Nelle sue raccomandazioni, l’istituto di Washington – lo stesso che non ha azzeccato una singola previsione dall’inizio della crisi a oggi – ha suggerito l’utilizzo degli strumenti di sostegno dell’area euro: è la prima volta che un organismo di vigilanza sollecita esplicitamente l’Italia a prendere in considerazione un piano di salvataggio. E Letta è appena tornato dagli Usa, sempre per ricorrere alla categoria delle coincidenze. Insomma, parliamoci chiaro: il nostro governo ha già concordato un piano di salvataggio per l’Italia, ora si capisce la ragione reale della visita di Olli Rehn e con la minaccia del downgrade (che porterebbe con sé una sell-off obbligazionaria e maggiori requisiti di collaterale e haircut) e il paravento pubblico-mediatico della crisi di governo, vuole indorarci la pillola prima di spalancare le porte alla troika.

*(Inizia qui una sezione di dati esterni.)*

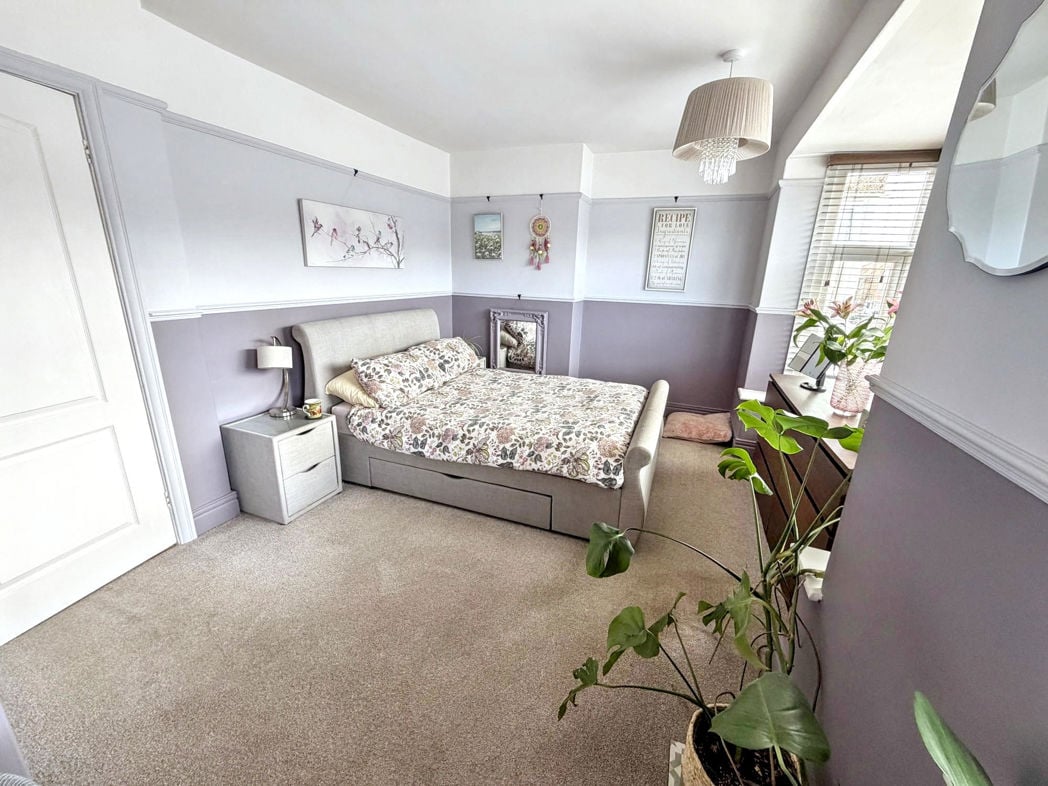 Main bedroom photo two
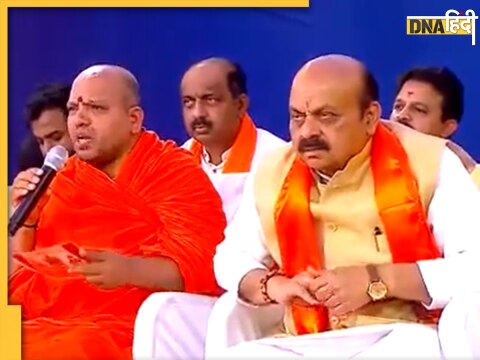 karnataka cm basawraj bommai snatched mic from eshwaranandapuri swami criticising bjp government watch video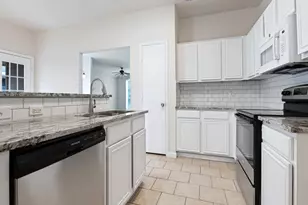 709 Catalina Dr, Lancaster, TX 75146 - Photo 8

Le parole al riguardo pronunciate ieri da un governista doc come il presidente di Confindustria, Giorgio Squinzi, non lasciano molto spazio all’immaginazione. Sappiatelo, le cose stanno così. Magari sarà per il nostro bene, ma il concetto stesso di sovranità è morto. Altro che dimissioni in bianco e ritiro dei ministri, sembra la versione italiana di “Wag the dog”. Scommettete che entro domani qualcuno da Bruxelles si premunirà di farci sapere che se le turbolenze politiche impediranno la presentazione della legge di bilancio 2014 alla Commissione europea entro il 15 ottobre o se l’Italia non rispetterà i criteri del Patto di Stabilità, la disponibilità di sostegno Ue, legata alla condizionalità dei programmi Esm e Omt, sarà meno probabile, sempre se richiesta? Eppure, alle 15.30 di ieri il nostro spread era tornato allo stesso livello della chiusura di venerdì, quindi qualcuno stava comprando: di cosa stiamo parlando, allora?
In compenso, avremo il contentino dall’Ue: si potrà utilizzare la nazionalizzazione di Mps per stampare un po’, come ai vecchi tempi. Tutto cambia, affinché nulla cambi.